#### Task requirements
When you reach the line containing "10.1177_11795484211073292-fig1", start transcribing exactly and continue through the last line of the data, skipping every picture.

#### Information shown

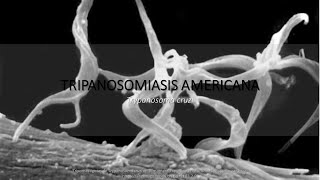 Tripanosomiasis americana BIOLOGÍA T cruzi resumen  memorización [upl. by Akemrehs446]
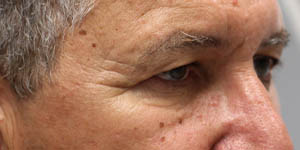 _0002_patient 1 before direct brow lift (side).PNG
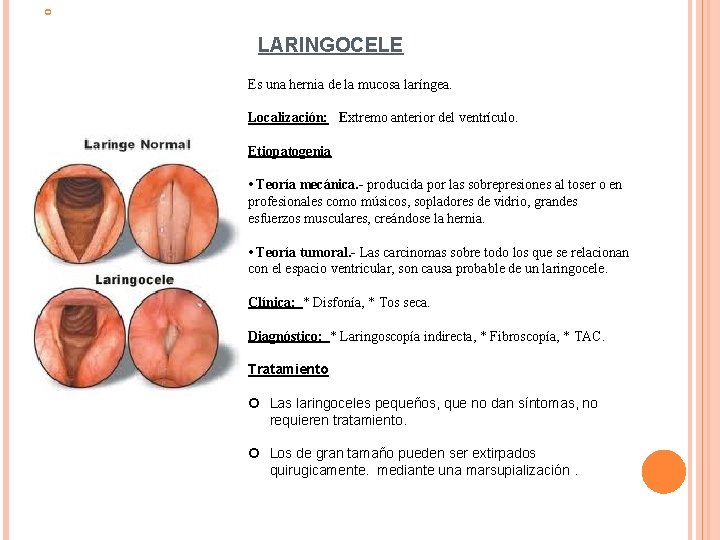  LARINGOCELE Es una hernia de la mucosa laríngea. Localización: Extremo anterior del ventrículo.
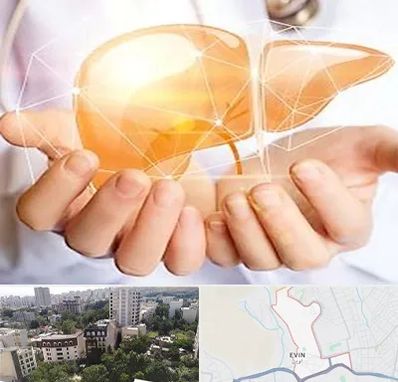 دکتر سرطان کبد در اوین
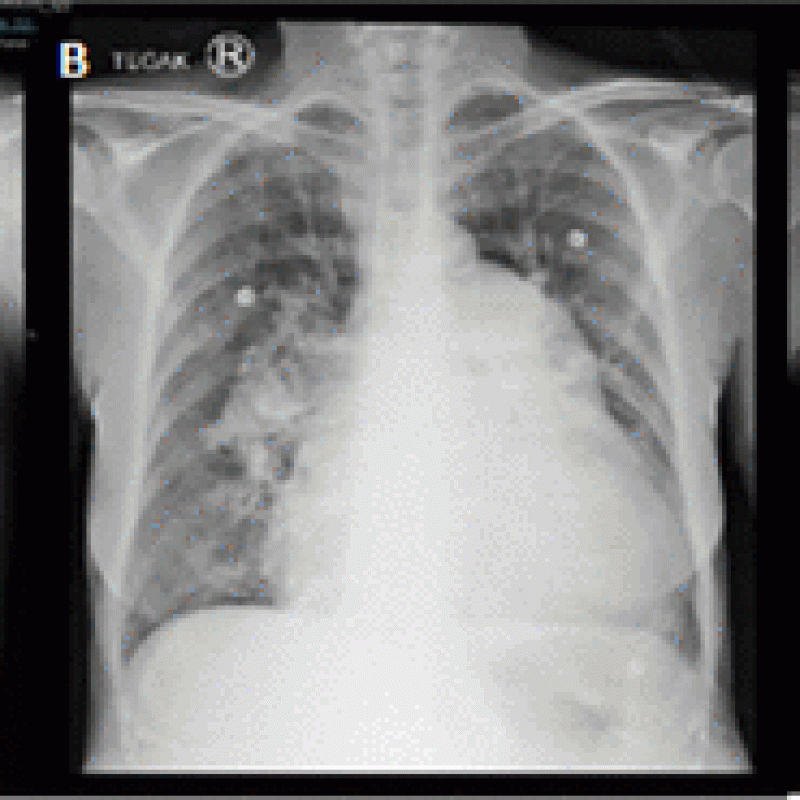 10.1177_11795484211073292-fig1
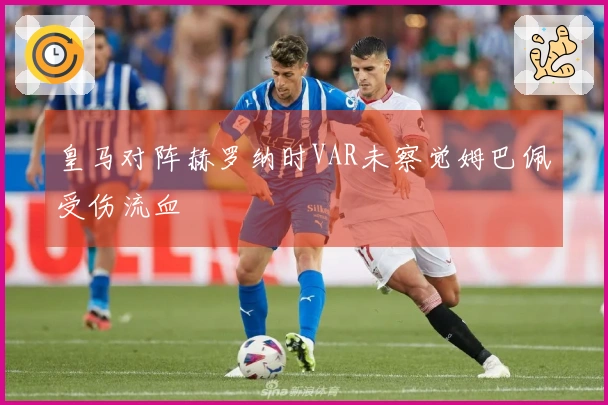 皇马对阵赫罗纳时VAR未察觉姆巴佩受伤流血
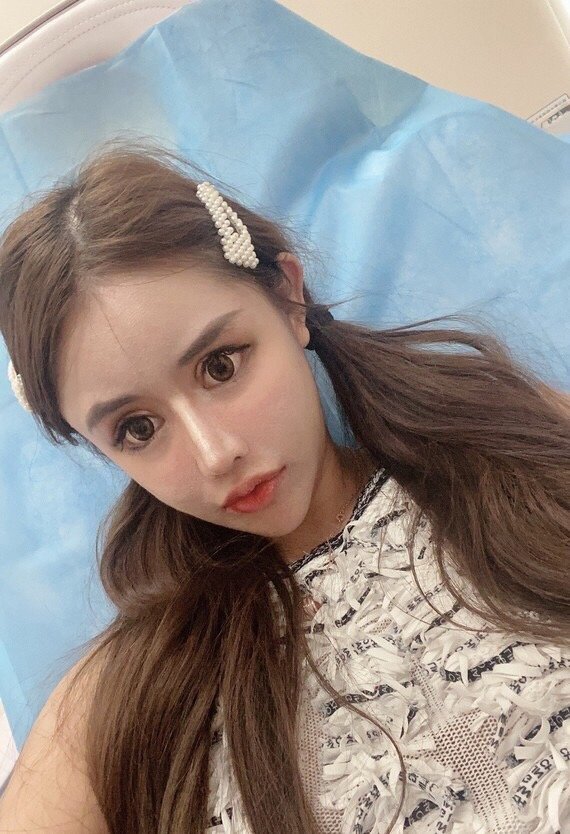 05p图大赛|拯救古早蛇精脸网红大作战7515整形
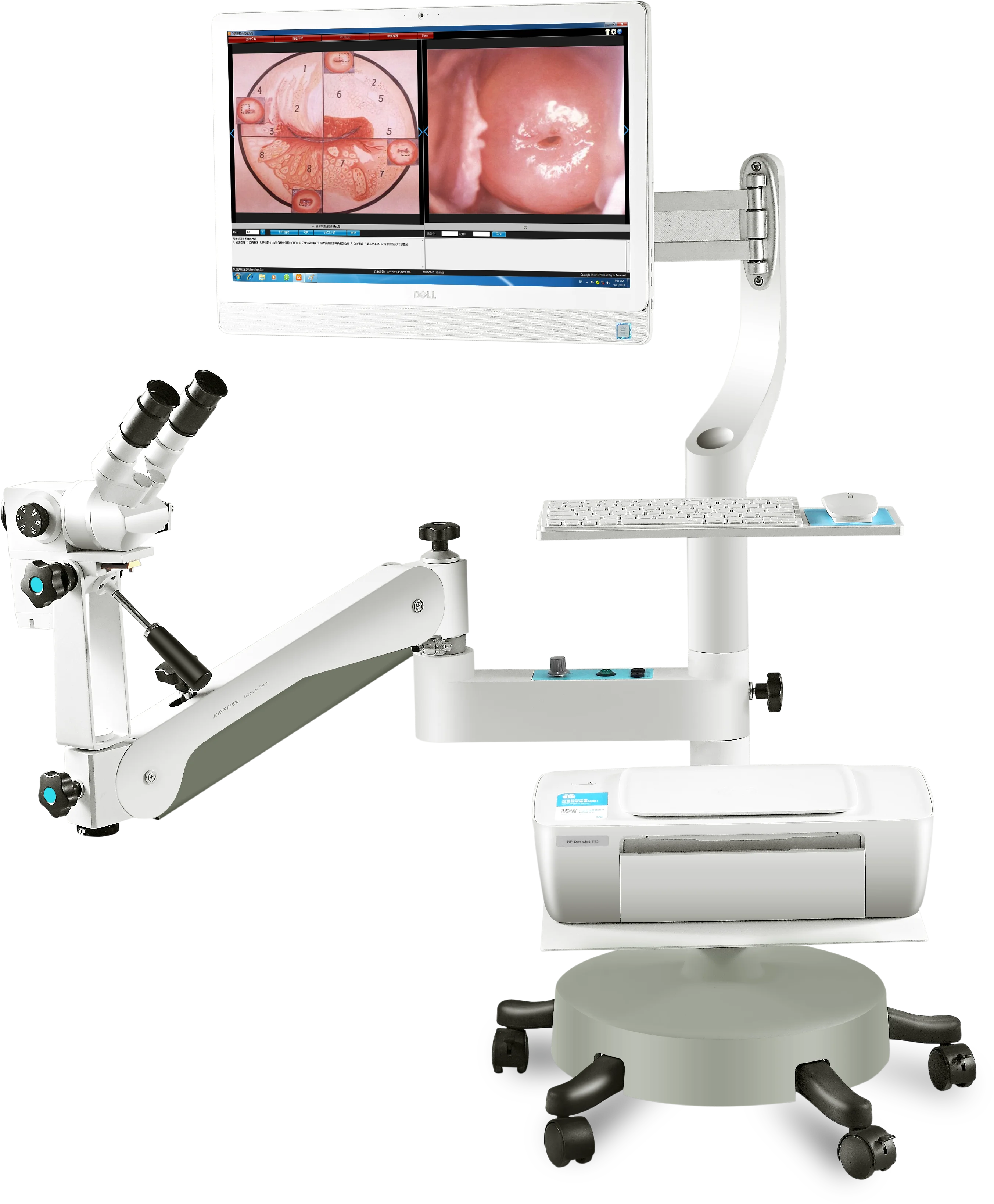 2024 Hot selling ISO Approved Optical Colposcope for Women Examination Vagina Colposcopy System for Gynecology Test
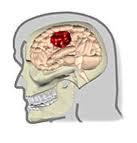 Sorpresas y enfados son factores de riesgo frente a un derrame cerebral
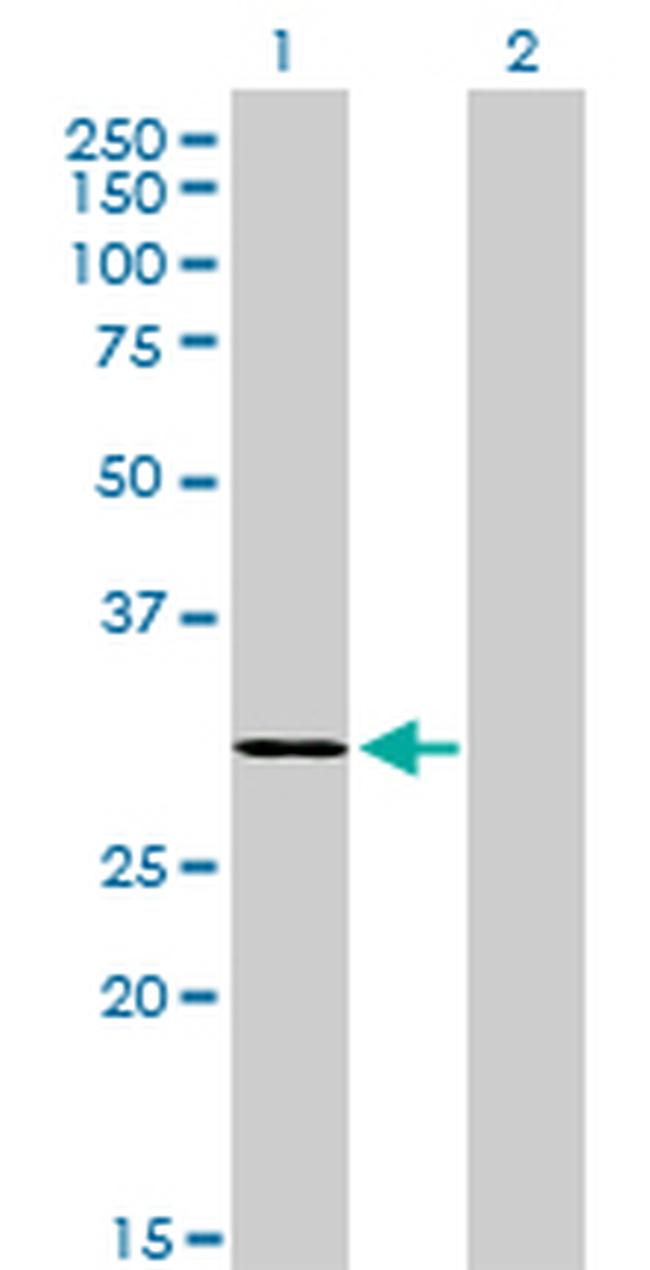 LDB3 Antibody in Western Blot (WB)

#### Reply
 10.1177_11795484211073292-fig1
 皇马对阵赫罗纳时VAR未察觉姆巴佩受伤流血
 05p图大赛|拯救古早蛇精脸网红大作战7515整形
 2024 Hot selling ISO Approved Optical Colposcope for Women Examination Vagina Colposcopy System for Gynecology Test
 Sorpresas y enfados son factores de riesgo frente a un derrame cerebral
 LDB3 Antibody in Western Blot (WB)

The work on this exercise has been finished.